• [Information]
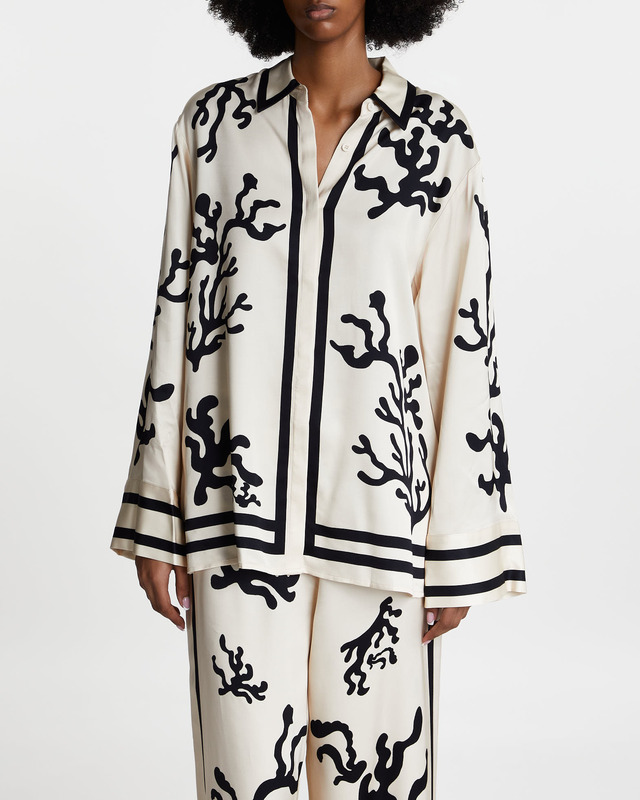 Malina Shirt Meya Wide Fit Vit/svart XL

---

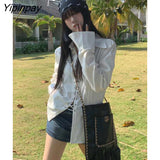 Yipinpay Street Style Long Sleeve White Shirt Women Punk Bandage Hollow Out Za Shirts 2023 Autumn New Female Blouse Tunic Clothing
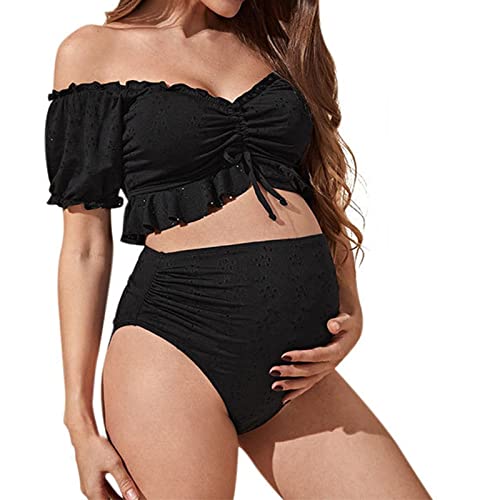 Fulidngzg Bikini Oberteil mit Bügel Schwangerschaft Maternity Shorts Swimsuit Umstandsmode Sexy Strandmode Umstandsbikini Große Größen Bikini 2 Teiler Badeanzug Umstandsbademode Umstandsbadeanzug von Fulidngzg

==

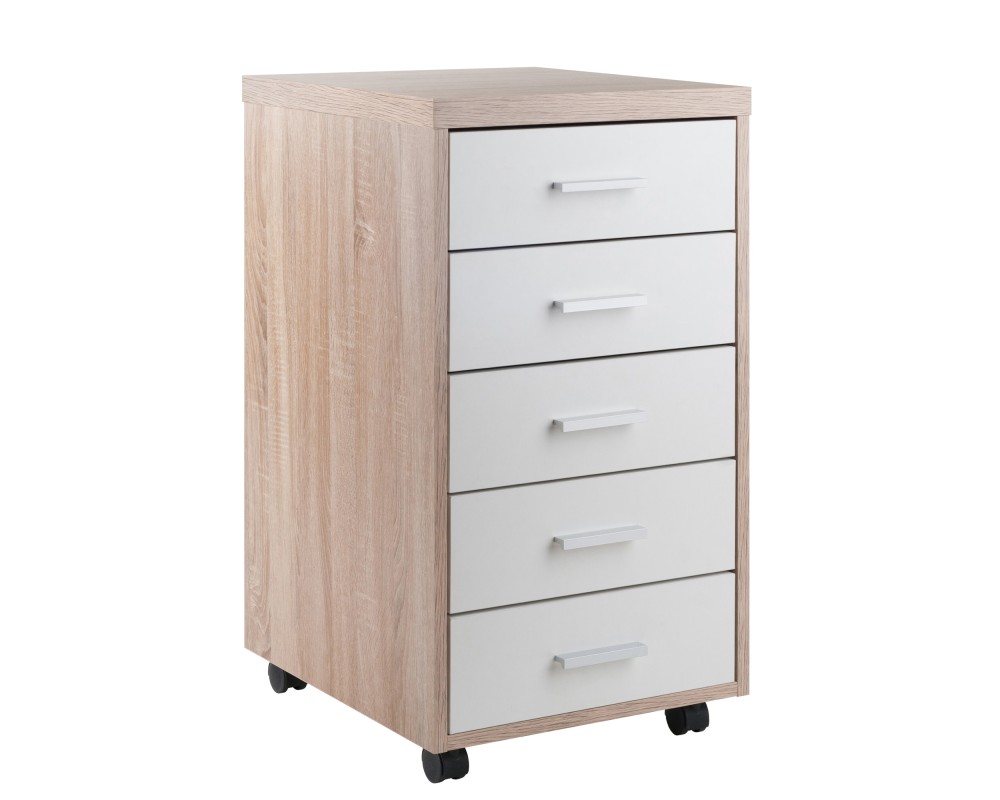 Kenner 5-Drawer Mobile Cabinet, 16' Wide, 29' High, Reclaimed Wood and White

• [Problem description]
Whatever pictures the records hold, omit them; give again exactly the lines from the one containing "Yipinpay Street Style" through the one containing "Fulidngzg Bikini Oberteil".

• [Written response]
 Yipinpay Street Style Long Sleeve White Shirt Women Punk Bandage Hollow Out Za Shirts 2023 Autumn New Female Blouse Tunic Clothing
 Fulidngzg Bikini Oberteil mit Bügel Schwangerschaft Maternity Shorts Swimsuit Umstandsmode Sexy Strandmode Umstandsbikini Große Größen Bikini 2 Teiler Badeanzug Umstandsbademode Umstandsbadeanzug von Fulidngzg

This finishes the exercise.